● EXCERPTED RECORDS:
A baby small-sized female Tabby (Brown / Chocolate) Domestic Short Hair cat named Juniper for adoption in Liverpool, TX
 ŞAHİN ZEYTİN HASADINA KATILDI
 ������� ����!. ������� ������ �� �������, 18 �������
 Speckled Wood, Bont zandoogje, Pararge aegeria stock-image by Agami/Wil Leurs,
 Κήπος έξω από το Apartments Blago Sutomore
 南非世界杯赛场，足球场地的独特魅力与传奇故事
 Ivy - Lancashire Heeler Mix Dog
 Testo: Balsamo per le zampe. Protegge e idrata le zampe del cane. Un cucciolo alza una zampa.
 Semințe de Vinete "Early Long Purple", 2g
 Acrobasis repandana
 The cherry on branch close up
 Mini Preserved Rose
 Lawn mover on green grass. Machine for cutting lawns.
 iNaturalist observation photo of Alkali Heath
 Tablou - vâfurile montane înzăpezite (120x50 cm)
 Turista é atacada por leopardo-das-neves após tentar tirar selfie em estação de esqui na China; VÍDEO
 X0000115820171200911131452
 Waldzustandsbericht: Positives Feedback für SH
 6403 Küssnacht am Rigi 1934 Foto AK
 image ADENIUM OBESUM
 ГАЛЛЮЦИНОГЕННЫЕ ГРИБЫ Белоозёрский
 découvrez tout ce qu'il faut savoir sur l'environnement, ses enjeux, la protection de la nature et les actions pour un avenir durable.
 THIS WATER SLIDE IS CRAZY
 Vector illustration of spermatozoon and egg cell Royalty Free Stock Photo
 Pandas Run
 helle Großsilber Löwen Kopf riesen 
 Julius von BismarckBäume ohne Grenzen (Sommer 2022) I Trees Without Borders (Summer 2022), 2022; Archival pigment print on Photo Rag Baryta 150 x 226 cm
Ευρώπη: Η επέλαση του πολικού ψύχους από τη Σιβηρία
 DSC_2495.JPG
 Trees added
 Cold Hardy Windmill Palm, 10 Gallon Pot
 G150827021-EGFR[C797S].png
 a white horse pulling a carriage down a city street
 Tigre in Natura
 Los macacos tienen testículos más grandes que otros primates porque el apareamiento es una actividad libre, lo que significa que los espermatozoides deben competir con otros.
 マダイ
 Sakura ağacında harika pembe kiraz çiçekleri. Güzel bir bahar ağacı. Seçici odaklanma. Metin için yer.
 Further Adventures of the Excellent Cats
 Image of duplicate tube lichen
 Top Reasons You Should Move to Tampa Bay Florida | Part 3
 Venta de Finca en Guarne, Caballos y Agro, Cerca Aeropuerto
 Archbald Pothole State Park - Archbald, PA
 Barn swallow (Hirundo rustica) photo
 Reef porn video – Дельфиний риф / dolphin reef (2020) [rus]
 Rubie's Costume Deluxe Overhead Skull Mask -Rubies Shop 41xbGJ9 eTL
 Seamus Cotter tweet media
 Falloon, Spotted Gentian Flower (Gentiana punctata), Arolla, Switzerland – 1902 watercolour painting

● TASK TO CARRY OUT:
What is needed is a single number: how many lines of the data contain the word "Trees".

● WRITTEN ANSWER:
2